A very detail response with my mind now at rest also, I suppose my grudge was having another hole cut into the roof of new van just to compensate for bad design :roll:


----------



## Penquin

We have a mushroom vent fitted which only leaked when I broke the external cap - the whole vent is easy to replace and I did it in less than 1 hour.

BUT

I may be thick (no comments needed) but I cannot see how fitting one of these would solve the problem of water and air coming in and around the Heki.....

Are they planning on fitting the missing seal or a non-vented Heki?

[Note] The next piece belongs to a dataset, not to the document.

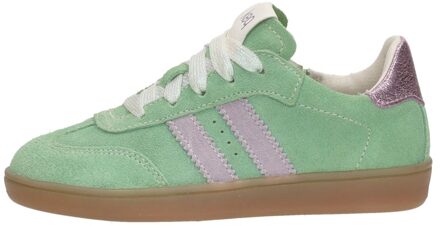 Lage Schoenen Groen - 28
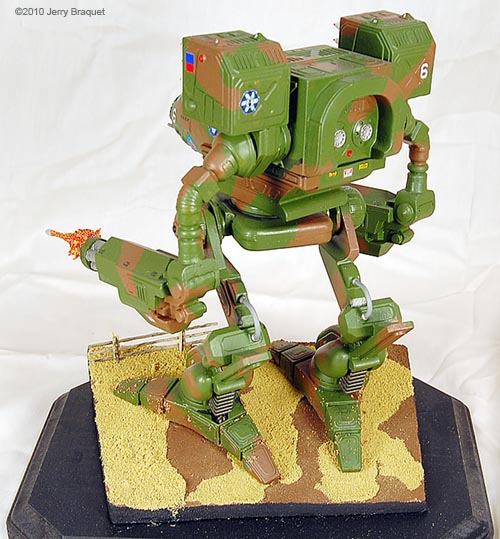 Starship Modeler: Gallery (Battletech/Mechwarrior)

If not why / how would fitting another vent help?

Dave


----------



## tattytony

Penquin said:


> We have a mushroom vent fitted which only leaked when I broke the external cap - the whole vent is easy to replace and I did it in less than 1 hour.
> 
> BUT
> 
> I may be thick (no comments needed) but I cannot see how fitting one of these would solve the problem of water and air coming in and around the Heki.....
> 
> Are they planning on fitting the missing seal or a non-vented Heki?
> 
> If not why / how would fitting another vent help?
> 
> Dave


They (being Autotrail) have fitted a vented heki which is sealed on the leading edge and 2inches of 2 sides but not around the other 2/3rds of the heki so when driving I get some form of turbulance and causing a draft to come in the heki and if raining that too :x , they (being Chelston where I bought it) are saying fit the vent and seal all round the heki no draft or rain (I Hope) 8O


----------



## SNandJA

tattytony said:


> Penquin said:
> 
> 
> 
> We have a mushroom vent fitted which only leaked when I broke the external cap - the whole vent is easy to replace and I did it in less than 1 hour.
> 
> BUT
> 
> I may be thick (no comments needed) but I cannot see how fitting one of these would solve the problem of water and air coming in and around the Heki.....
> 
> Are they planning on fitting the missing seal or a non-vented Heki?
> 
> If not why / how would fitting another vent help?
> 
> Dave
> 
> 
> 
> They (being Autotrail) have fitted a vented heki which is sealed on the leading edge and 2inches of 2 sides but not around the other 2/3rds of the heki so when driving I get some form of turbulance and causing a draft to come in the heki and if raining that too :x , they (being Chelston where I bought it) are saying fit the vent and seal all round the heki no draft or rain (I Hope) 8O
Click to expand...

I don't know what conversations you've had with Autotrail and the Dealer but the reason for ventilation is indicated on this link

HSE Report on Standards for Caravans etc.

A house has natural ventilation to cope with gas fires up to 3kw without an airbrick I think. So without giving you sleepless nights, you'd hope that Autotrail would be aware of the BSI standards for motorhome ventilation and that a mushroom ventilator would probably give more than the omitted seal "system" on the Heki.

As others mentioned elsewhere we have a large vent to outside in the stairwell, the bathroom is covered for damp/condensation issues by the mushroom in the roof, our lpg locker has a grill to let gas escape through the bottom of the locker and this is also shared by the void under our cooker. Similar grill under our gas/electric fridge. We have gas space and water heating which draws air in via a vent in the side of our fixed bed and the products of combustion go out through the side of the van to outside. Over the gas hob is a Fiamma opening roof light which has permanent ventilation even when fully closed for travel and for cooking when outside conditions dictate.

I'd guess if you look around your van, perhaps in conjunction with your dealer you could identify similar ventilation places. So the issue the Heki ventilation seal removal is probably addressing, is avoiding the build up of the products of combustion especially Carbon Monoxide (CO) the silent/odourless killer! CO is slightly lighter than air but is unfortunately a good mixer and has a tendancy to stay at the level it is produced. General advice for the everyday safety check of a gas appliance is that if a gas appliance burns with a yellow flame then it needs checking as it should burn mainly blue. You may remember the Bunsen burner from schooldays? airhole closed - yellow flame, airhole open more oxygen gives blue flame and efficient burning....

So you could apply test this "blue flame" production using the gas hob whilst at the Dealer after they seal the Heki and before the vent is installed.

For peace of mind with any gas appliance then a Carbon Monoxide dectector is worth the expense.

Hopefully an expert will add to the post and correct any errors but I think I'd have faith in the dealer and Autotrail's solution especially if you are satisfied that the mushroom vent is going to get the van to meet the ventilation standards from the BSI. From the above HSE document it is BSI EN 721 that needs to be met? You can search for a summary of what it deals with but it would cost £74 to wave it under Autotrail's nose as you stamp!!

Steve


----------